On Sunday it was eight years since Michael Jackson died. To mark that anniversary, here’s a mix of songs on which MJ sang backing vocals in the 1970s and ‘80s — and a bit of background on those songs.

Right off the bat, I break the promise of the title, for on Paul McCartney’s The Man, from 1983, he is credited as Macca’s duet partner. Say Say Say was the big hit, but I rather prefer this song, which was only an album track. Both collaborations were produced by George Martin, bringing together a triple-threat of genius — albeit without creating a work of genius.

Another meeting of geniuses that doesn’t quite live up to its billing is that of Jackson, Burt Bacharach and his future wife, Carole Bayer Sager (with Jim Keltner on drums). Just Friends was written by Bacharach and Bayer Sager, and was co-produced by Burt and Michael, with the latter also contributing vocals.

Of course, Michael helped the siblings with his vocals. Here he does so very early in his career on Jermaine’s That’s How Love Goes; and on La Toya’s quite strange 1980 disco groover Night Time Lover, co-written with MJ, which halfway through turns into a Latin jam before it becomes a disco groover in the vein of Off The Wall again.
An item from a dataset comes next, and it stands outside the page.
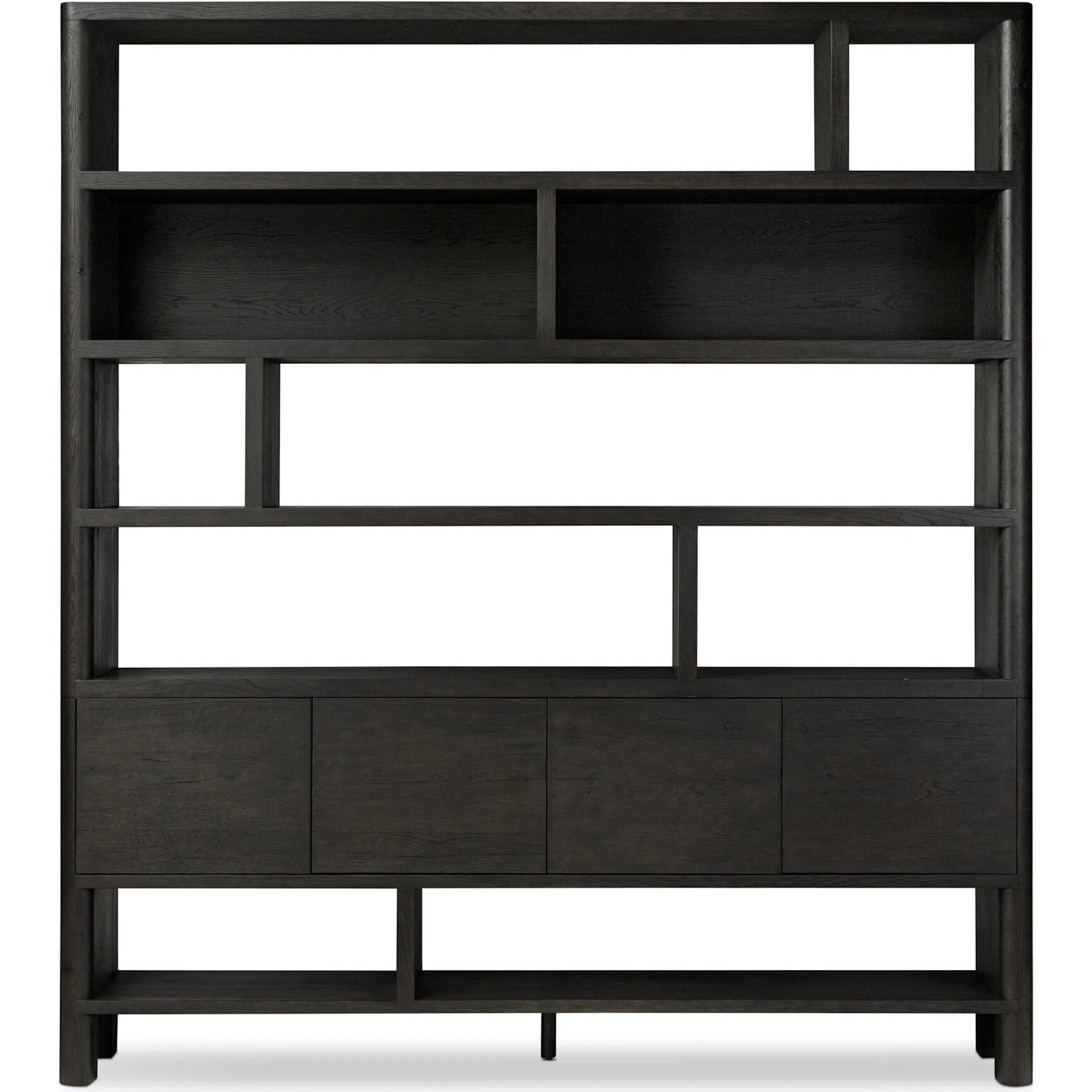 Noeline Wide Bookcase by Four Hands in smoked black oak, smoked black oak veneer. Made from solid oak, engineered hardwood, thick oak veneer in a modern style.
Michael also featured on Janet’s 1984 track Don’t Stand Another Chance, which is too awful to feature here.

Michael was also generous in helping people who had played for him. One such people was session keyboard/synth player Bill Wolfer, who did tinkle the keys on Billie Jean, Beat It and Wanna Be Startin’ Somethin’. MJ repaid the favour by contributing backing vocals to two tracks on Wolfer’s debut album, the featured So Shy and a cover of Papa Was A Rolling Stone.

Wolfer reappears on the synth on very next track, Diana Ross’ Muscles, which Jackson wrote, produced and sings back-up on. Wolfer also played for Stevie Wonder on Hotter Than July, though, alas, not on All I Do, on which MJ did backing vocals. Six years earlier, Michael also appeared on backing vocals on Stevie’s You Haven’t Done Nothing.

Michael Jackson and the ubiquitous Greg Phillinganes.

Another keyboardist with a Jackson/Wonder connection was Greg Phillinganes, featuring here with a 1984 number co-written by MJ that sounds very much of its time. Phillinganes was discovered by Wonder through an introduction by the legendary session drummer Ricky Lawson (whose works were featured in two retrospectives: Vol. 1 and Vol. 2). Through Wonder Phillinganes became the musical director first of The Jacksons, starting in 1978, and remained in that gig for much of Michael’s career.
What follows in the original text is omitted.